══ DATASET EXCERPT ══

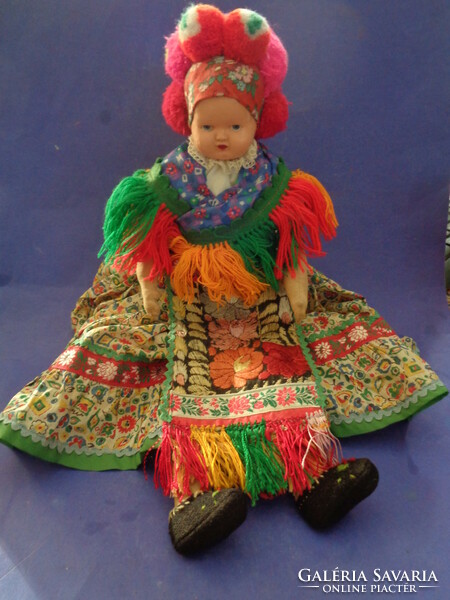 46 Cm matyó doll in folk costume 1950-60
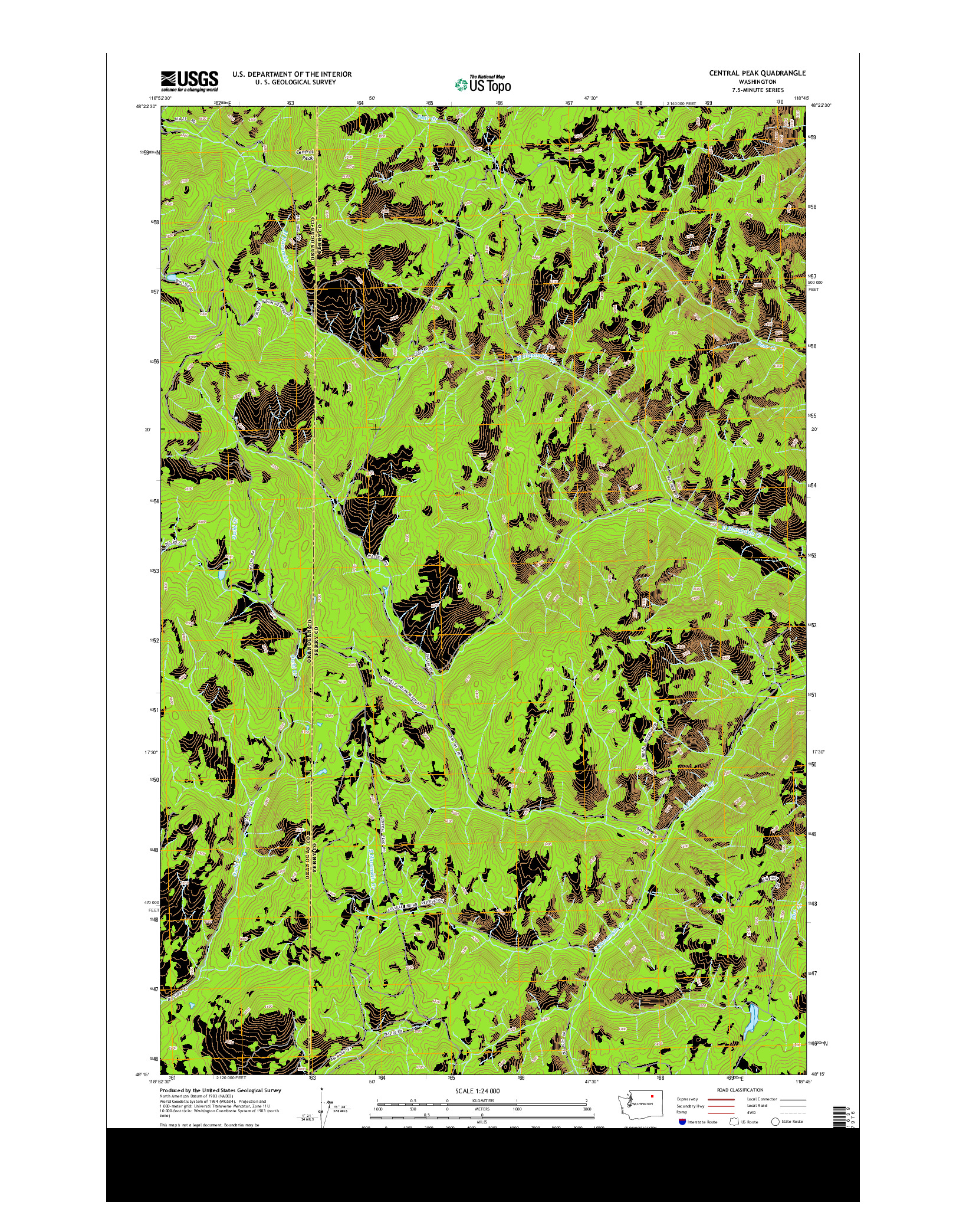 USGS US TOPO 7.5-MINUTE MAP FOR CENTRAL PEAK, WA 2014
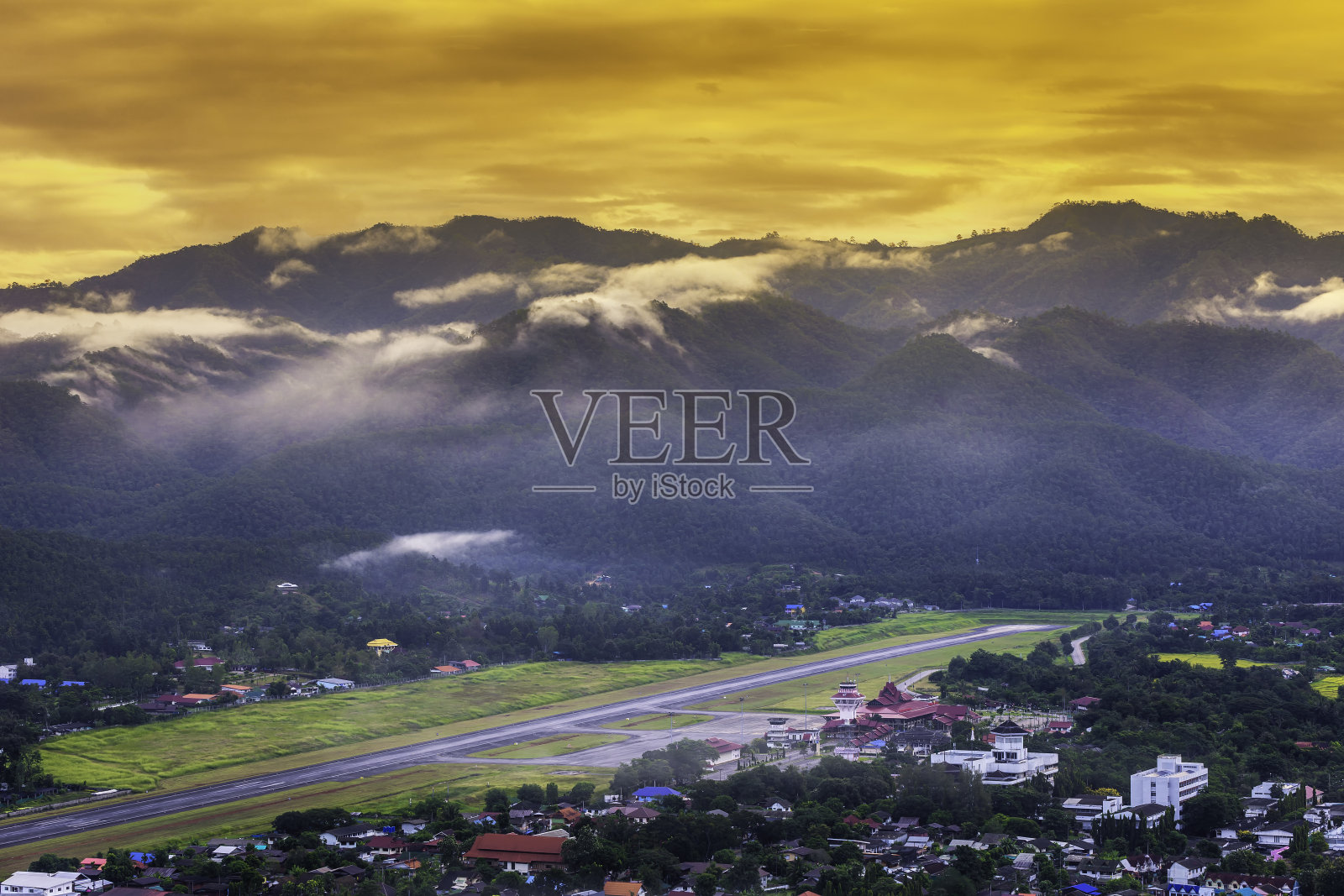 美洪松机场。照片摄影图片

═══

ACTIVITY: Drop the images, then copy the data exactly.

TASK RESPONSE:
 46 Cm matyó doll in folk costume 1950-60
 USGS US TOPO 7.5-MINUTE MAP FOR CENTRAL PEAK, WA 2014
 美洪松机场。照片摄影图片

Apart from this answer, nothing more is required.